**Data block**
++++++

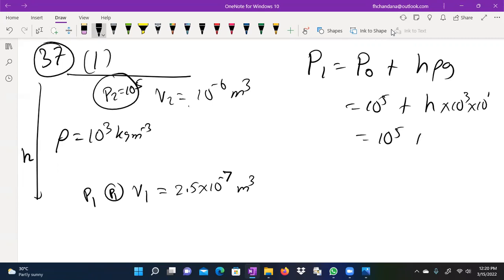It's H. What is the answer? P1, V1 is P2, V2.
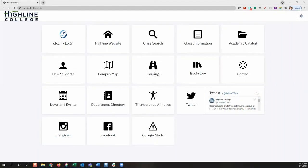Welcome to the Highline College CTC Link video series. In this session, we'll show you how to go to the CTC Link mobile web view and enroll for classes.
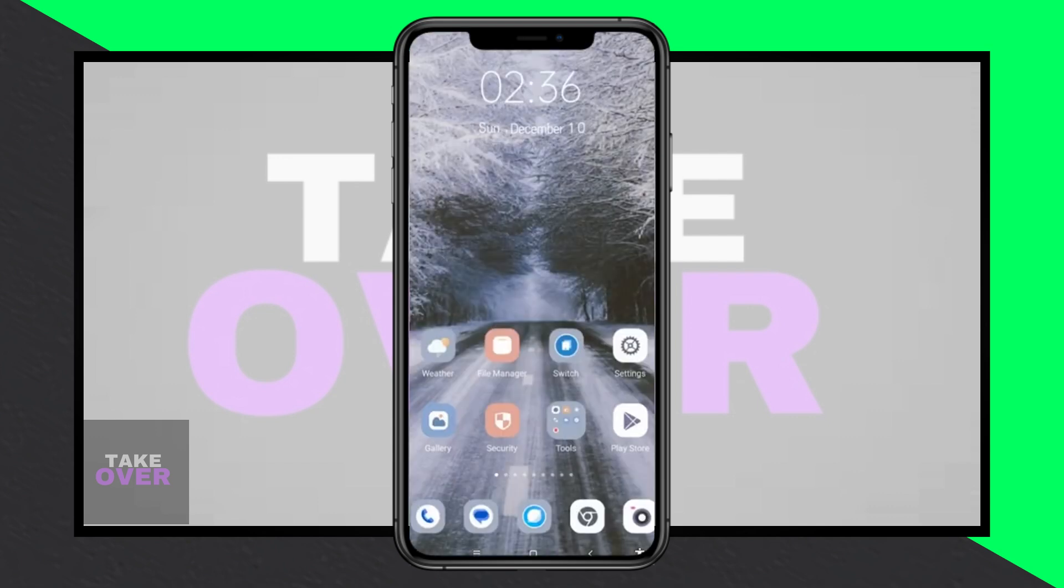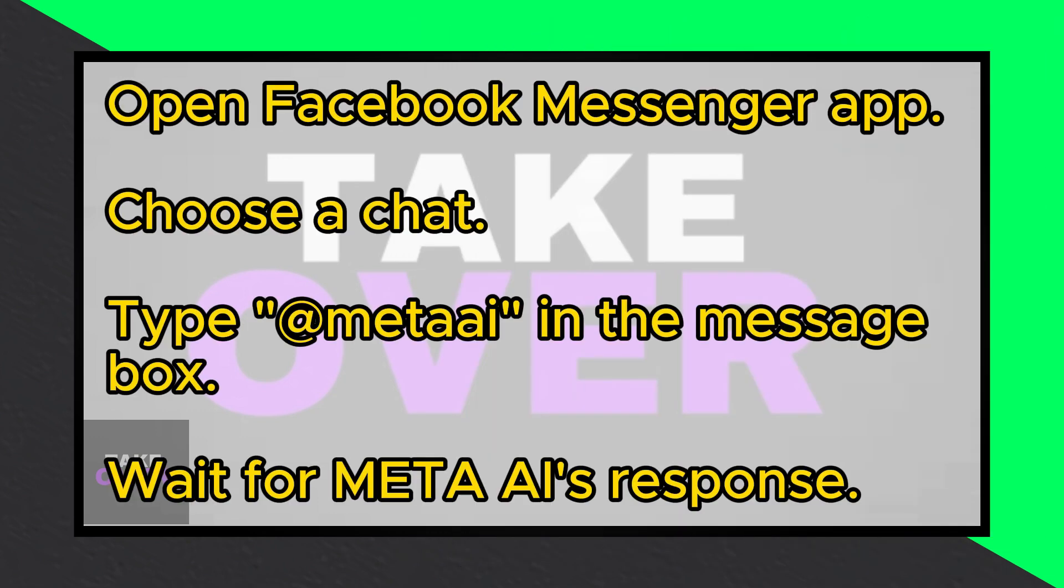Choose the chat where you want to use Meta AI, whether it's a group chat or a conversation with one person.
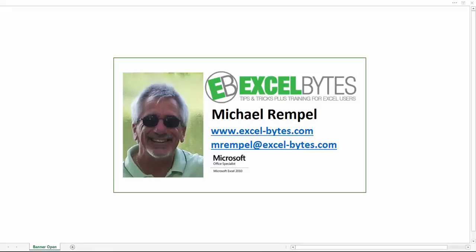Hello everyone, Mike Rempel from Excel Bytes with today's Excel blog post. Today we're going to take a look at how we can use checkboxes to select and deselect photos so they appear or are hidden based on the selection we make with checkboxes. So let's see how we can do that in Excel.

++++++

**Work item**
What you produce must match the listing word for word, with no images in it.

**Answer section**
It's H. What is the answer? P1, V1 is P2, V2.
Welcome to the Highline College CTC Link video series. In this session, we'll show you how to go to the CTC Link mobile web view and enroll for classes.
Choose the chat where you want to use Meta AI, whether it's a group chat or a conversation with one person.
Hello everyone, Mike Rempel from Excel Bytes with today's Excel blog post. Today we're going to take a look at how we can use checkboxes to select and deselect photos so they appear or are hidden based on the selection we make with checkboxes. So let's see how we can do that in Excel.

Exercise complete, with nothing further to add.